For European organizations using CIRCL's Vulnerability-Lookup, this vulnerability poses a significant risk of account takeover through brute-force attacks on 2FA mechanisms. Successful exploitation could lead to unauthorized access to sensitive vulnerability data, potentially exposing internal security posture and enabling further attacks. The lack of lockout and alerting mechanisms increases the likelihood of stealthy attacks going unnoticed, complicating incident detection and response. Organizations relying on short or predictable OTP codes are especially vulnerable. The compromise of privileged accounts could lead to broader network compromise or data breaches. Given the critical role of vulnerability management tools in security operations, exploitation could disrupt security workflows and erode trust in security controls. The impact is heightened in sectors with stringent regulatory requirements for data protection and incident reporting, such as finance, healthcare, and critical infrastructure within Europe.

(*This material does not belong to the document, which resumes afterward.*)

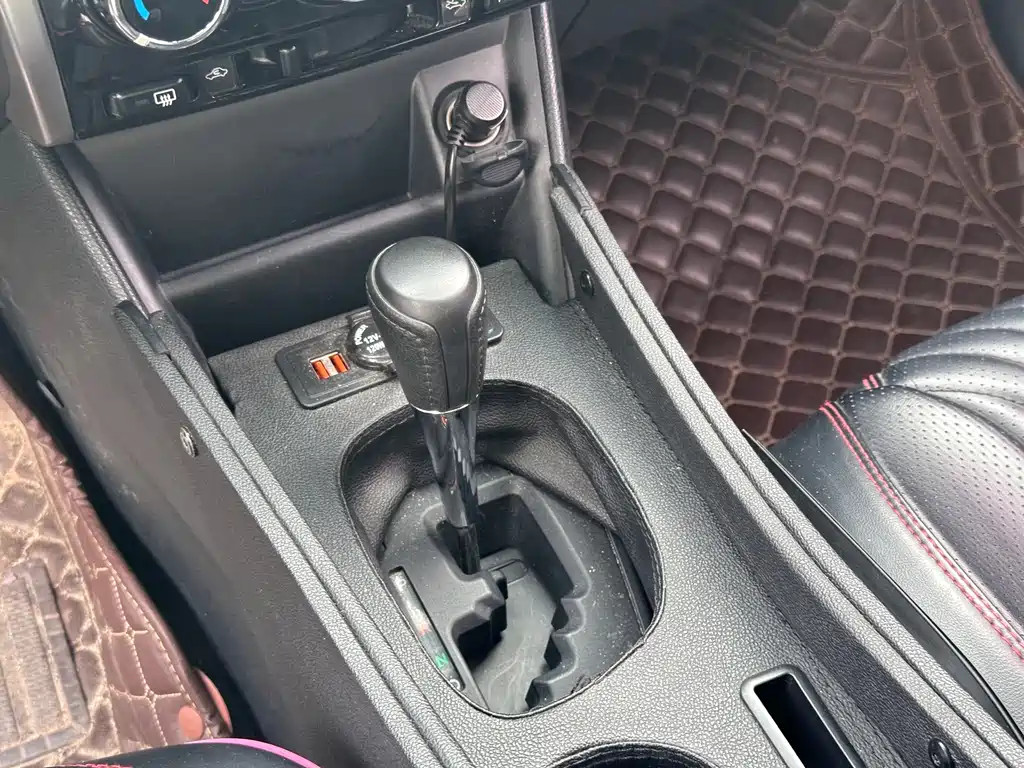 Toyota Yaris L 2018 — фото 14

European organizations should immediately upgrade CIRCL Vulnerability-Lookup to version 2.18.0 or later, which includes the patch enforcing OTP attempt limits and account lockouts. Until patching is possible, organizations should implement compensating controls such as monitoring authentication logs for repeated failed OTP attempts and setting up alerts for suspicious 2FA activity. Enforce strong OTP policies with high entropy tokens and discourage OTP reuse. Consider integrating additional anomaly detection systems to identify brute-force patterns. Limit access to the Vulnerability-Lookup system to trusted networks and use network-level protections such as IP whitelisting or VPNs. Conduct regular audits of user accounts and 2FA configurations to ensure compliance with security policies. Educate administrators on the importance of monitoring failed 2FA attempts and responding promptly to suspicious activity. Finally, review and enhance incident response plans to address potential account takeover scenarios involving this vulnerability.